Die Personalverantwortlichen Fedke und Christine Volohonsky legen bei der Auswahl des jeweiligen Programms im Rahmen des "Noerr Campus" viel Wert darauf, die Stärken und Schwächen der Talente zu berücksichtigen: "Das Lernen mit der Gießkanne funktioniert nicht. Nicht alle bekommen die gleichen Fortbildungen, sondern wir versuchen, für jedes Talent ein individuelles Programm zu entwickeln. Gleichzeitig fördern wir den Austausch innerhalb der einzelnen Gruppen", sagt Fedke.
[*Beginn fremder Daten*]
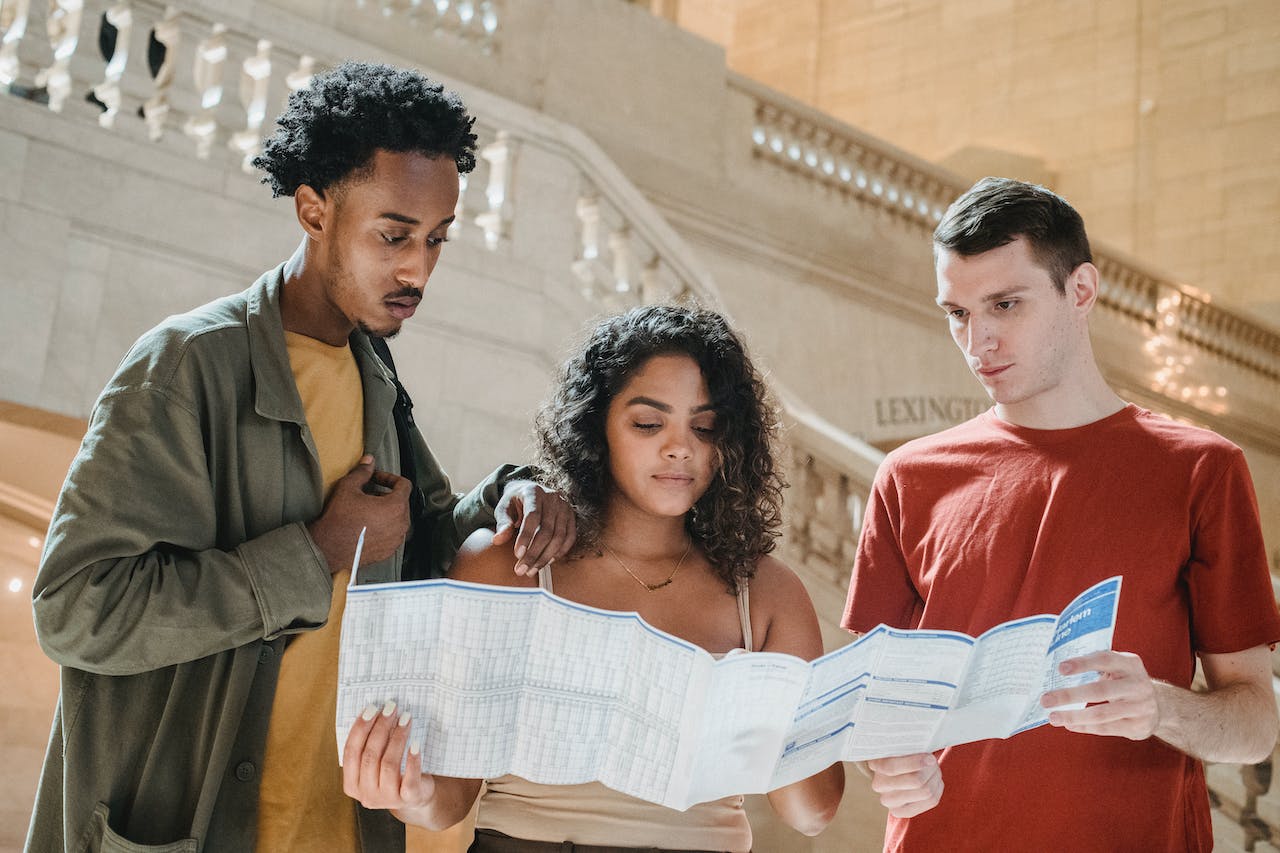Two men and one girl looking at a catalog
Zudem setzt die Kanzlei auf "learning on the job"; neue Kolleg:innen werden schon früh in die Mandatsarbeit eingebunden. "Dass jemand ein Jahr lang keinen Mandantenkontakt hat, wäre ein Betriebsunfall, da hätten wir als Partnerschaft einen Fehler gemacht", erklärt er. Volohonsky selbst sagt, sie habe das Akquirieren dadurch gelernt, dass sie am Mandat beteiligt war, zu Terminen mitgehen durfte und beim Pitch dabei sein durfte. Das gibt sie jetzt an die Associates weiter.

Neben der fachlichen und wirtschaftlichen Ausbildung sollen Anwältinnen und Anwälte auch früh lernen, mit Druck umzugehen: "Unsere Associates erlernen mit Stressbewältigungstrainings schon ab dem ersten Tag Resilienz", erklärt Volohonsky.

Innerhalb und außerhalb der Kanzlei vernetzen

Die Anwältinnen und Anwälte sollten aber auch selbst aktiv werden: "Wichtig ist auch, dass sich die Associates selbst untereinander vernetzen, innerhalb und außerhalb der Kanzlei. Zum Anwaltsdasein gehört auch Kontakte aufbauen und pflegen", ergänzt sie.

Auch Carmen Schön ermutigt den Nachwuchs, Eigeninitiative zu zeigen: "In vielen HR-Abteilungen der Kanzleien gibt es Ablaufpläne und sonstige Beschreibungen zum Partner:innen-Prozess." Zudem könnten die Associates sich bei denjenigen erkundigen, die den Weg bereits hinter sich gebracht haben.

Bei Noerr sind das zum neuen Jahr sieben Anwältinnen und Anwälte, Vangard wird zwei neue Salary Partnerinnen begrüßen.